- **Exercise details**
Transcribe the data underneath exactly. No images belong in your version.

- **Data supplied**

• • • • •

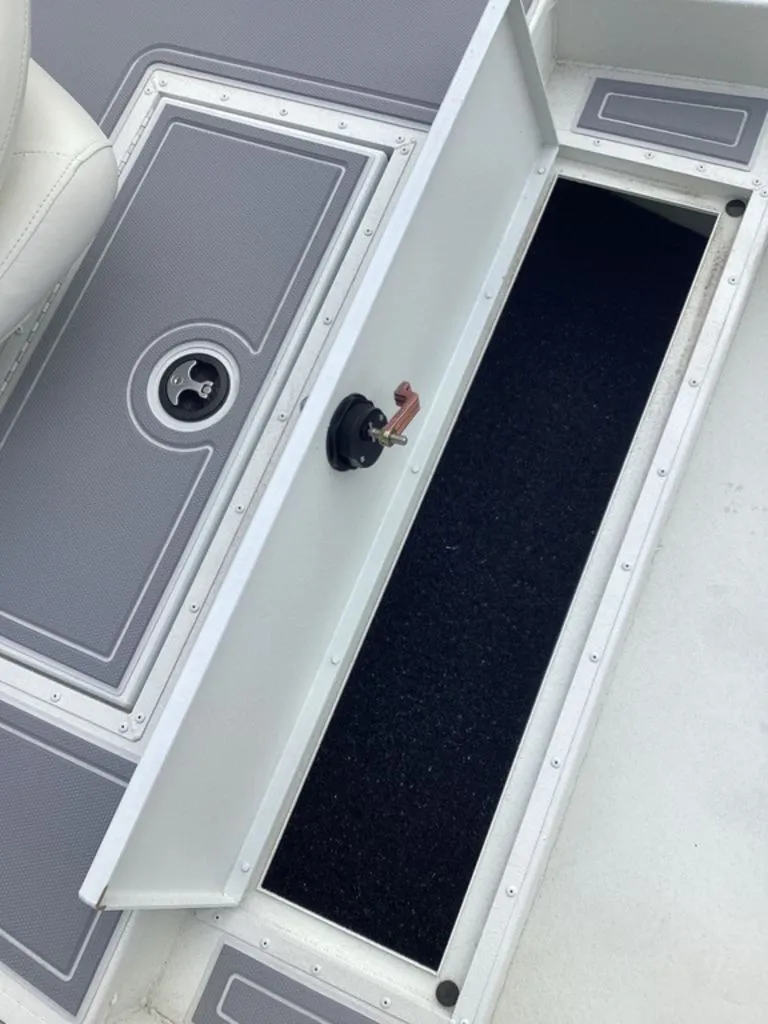 Slide: The Image of G3 Bay 21 GX 2025 boat hatch with storage compartment. - 28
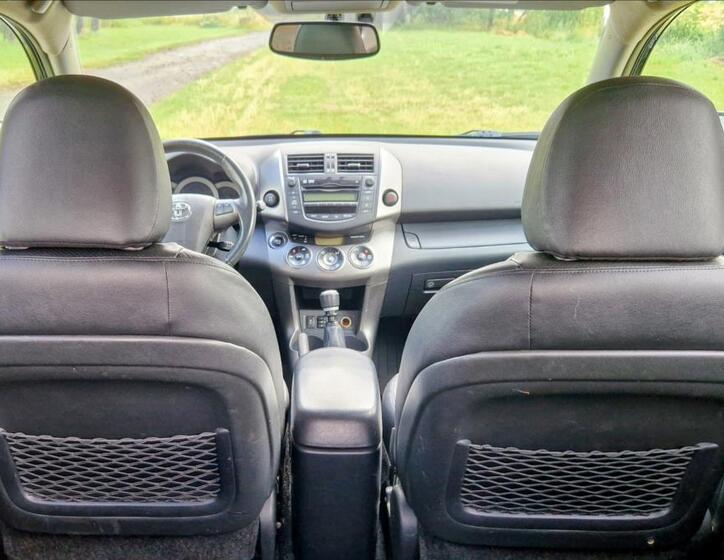 Toyota RAV4 19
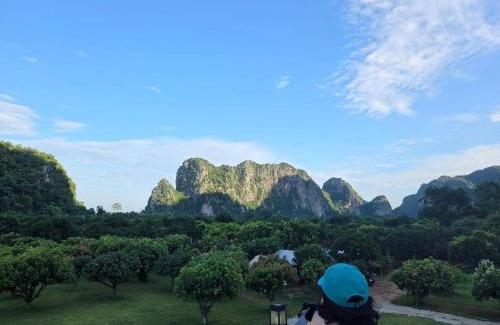 Lan Sak Resort | NUBDAO 168 Homestay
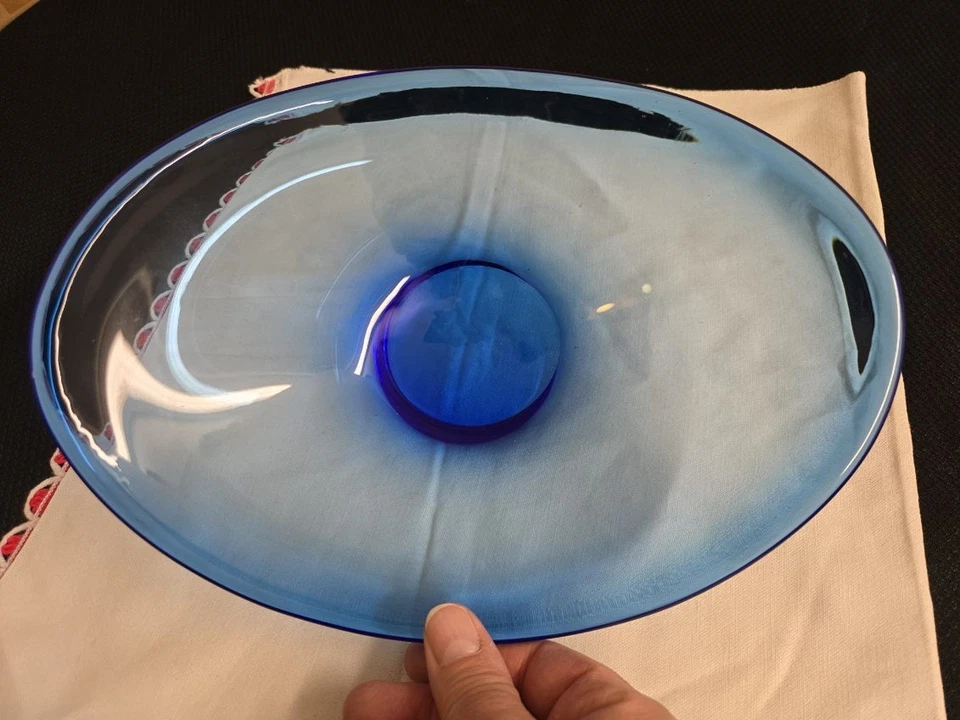 Antigo tigela mcm Holmegaard dinamarquesa moderna Lutken azul forma livre de vidro. - Imagem 2 de 4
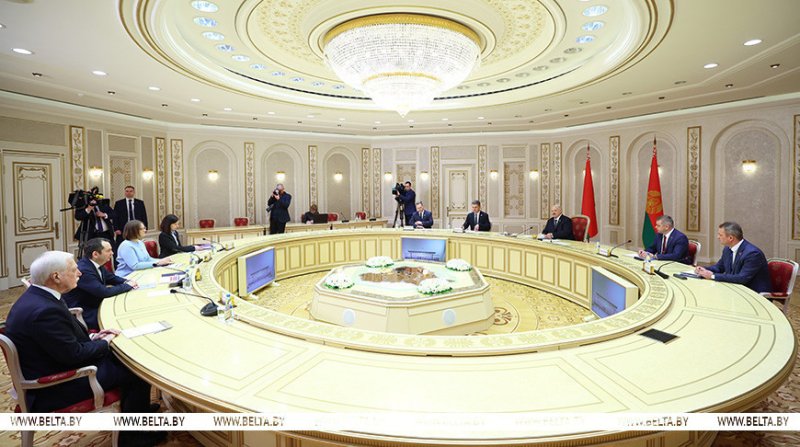 Лукашенко Беларусь готова создавать совместные предприятия с Мурманской областью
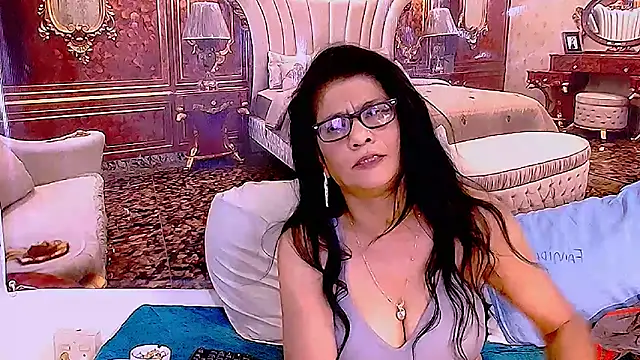 دردشة IndianAllure الجنسية المباشرة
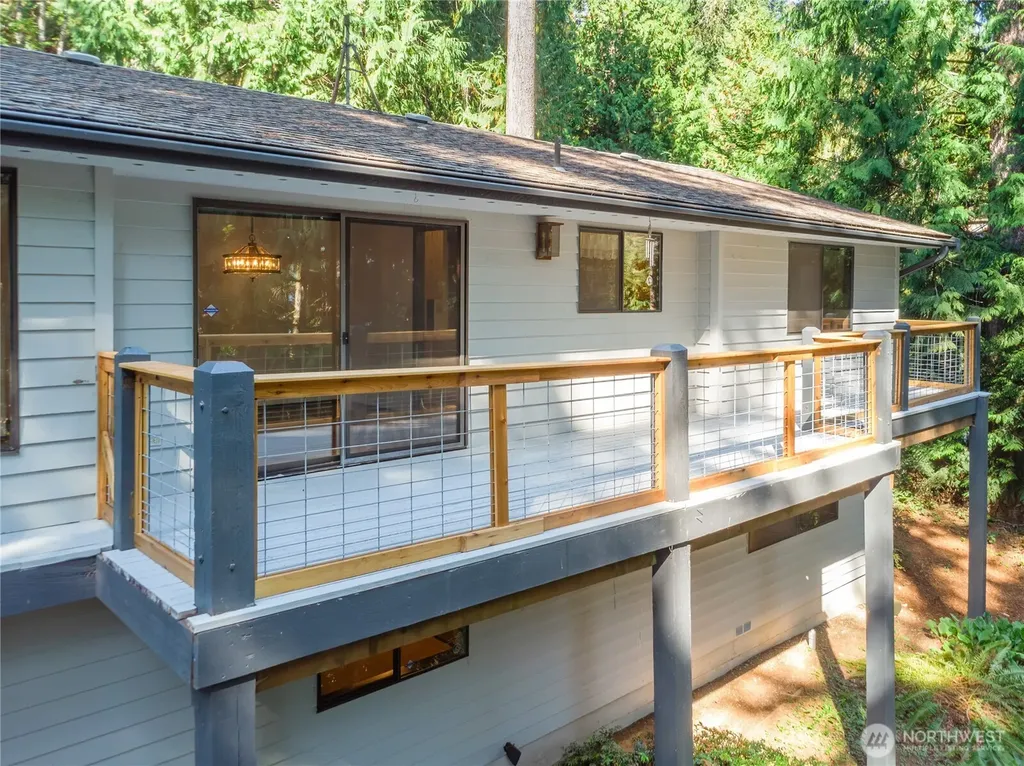 91 Drew Lane Port Ludlow WA 98365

• • • • •

- **The answer**
 Slide: The Image of G3 Bay 21 GX 2025 boat hatch with storage compartment. - 28
 Toyota RAV4 19
 Lan Sak Resort | NUBDAO 168 Homestay
 Antigo tigela mcm Holmegaard dinamarquesa moderna Lutken azul forma livre de vidro. - Imagem 2 de 4
 Лукашенко Беларусь готова создавать совместные предприятия с Мурманской областью
 دردشة IndianAllure الجنسية المباشرة
 91 Drew Lane Port Ludlow WA 98365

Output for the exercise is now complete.